Le meilleur remède à la paranoïa - une maladie qui est en train de revenir au Québec dans la foulée des attentats de Paris -, c'est d'essayer de voir la réalité telle qu'elle est.

Cela ne changera rien aux idées fixes de ceux qui imaginent l'ombre du djihad dans chaque enseignante portant un foulard, mais c'est un exercice utile à qui veut avoir une vision réfléchie des choses.

Même si les cas du Québec et de la France, en ce qui concerne l'immigration musulmane, ont très peu en commun, il y a des parallèles intéressants.

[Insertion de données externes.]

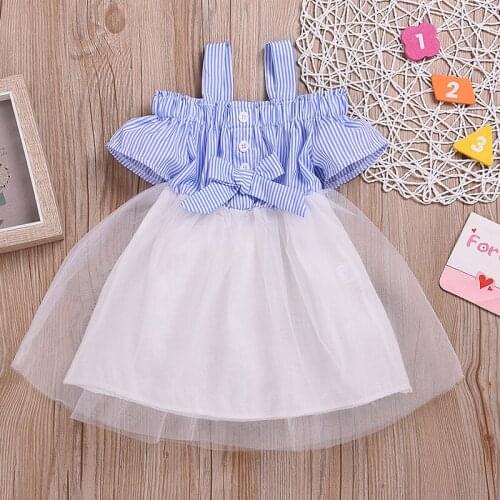 1-6Y Kids Baby Girls Striped Dress Summer Sleeveless Bow Casual Clothing Kids Princess Birthday Party Dresses For Girls Clothes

Ainsi, dans ce tableau du «poids de l'islam en France» dressé récemment par Le Monde, on voit que ce qu'on imagine est toujours pire que ce qui existe, et que les préjugés poussent nombre de gens à amplifier les choses. La surestimation des communautés craintes ou impopulaires est d'ailleurs un phénomène classique.

Exemple. Quelle est la proportion de musulmans en France? L'été dernier, un sondage Ipsos montrait que les Français s'imaginaient qu'ils représentent le quart de la population... alors qu'ils n'en forment qu'environ 8%.

Les auteurs de l'enquête, Alexandre Pouchard et Samuel Laurent, ont emprunté à diverses sources puisque les recensements, en France, ne prennent pas en compte l'origine ethnique ou religieuse. Selon le ministère de l'Intérieur, les musulmans seraient de quatre à cinq millions (sur une population de 66 millions), incluant les non pratiquants. Leur nombre aurait notablement augmenté depuis 30 ans.

À l'instar des personnes se déclarant catholiques, qui ne vont pas toutes à l'église, les musulmans sont peu nombreux à prier chaque jour ou à aller chaque semaine à la mosquée. Selon un sondage de l'IFOP réalisé en 2011 pour le journal La Croix, seulement les trois quarts des personnes issues de familles musulmanes se disaient «croyantes».

Les croyants sont proportionnellement moins nombreux dans les familles établies depuis longtemps en France, ou dans les familles mixtes.

La religion musulmane est plus résiliente que le catholicisme. Si 16% des gens de culture catholique se disent «croyants et pratiquants», c'est le cas de 41% des personnes de culture musulmane. Chez les premiers, 57% se disent «croyants, mais non pratiquants», tandis que c'est le cas de seulement 34% des musulmans. Seul le quart des répondants disent aller régulièrement à la mosquée le vendredi.

Si 71% des musulmans disent observer le jeûne du ramadan, seulement 6% ont fait le pèlerinage à La Mecque. Autre indication intéressante, le tiers des gens de culture musulmane consomment de l'alcool. Par contre, les trois quarts achètent de la viande hallal au moins «de temps en temps».

Selon une étude de l'Institut national d'études démographiques, en 2010, les immigrants venus de régions «très islamisées», de même que leurs enfants, sont plus attachés à la religion, ce qui était prévisible. Par ailleurs, une étude du CNRS montre que les immigrés arrivés en France à l'âge adulte sont moins religieux que les autres, ce que les enquêteurs expliquent par le fait que les jeunes élevés en France réagiraient contre la «relégation sociale» dont ils se croient victimes.

Il y a en France entre 12 000 et 15 000 tenants du salafisme, mais ils ne cautionnent pas tous la violence. Selon le ministère de l'Intérieur, les partisans du djihad seraient ultra-minoritaires, soit environ 2000, ou 0,075% des musulmans pratiquants.

Combien y a-t-il de mosquées en France (on parle d'édifices dédiés, avec minarets)? En 2009, on en comptait 64, mais il y avait quelque 2500 lieux de prières improvisés dans des salles modestes.

Une donnée plus troublante: en 2012, on estimait que quelque 100 000 personnes élevées dans des familles de culture chrétienne se seraient converties à l'islam.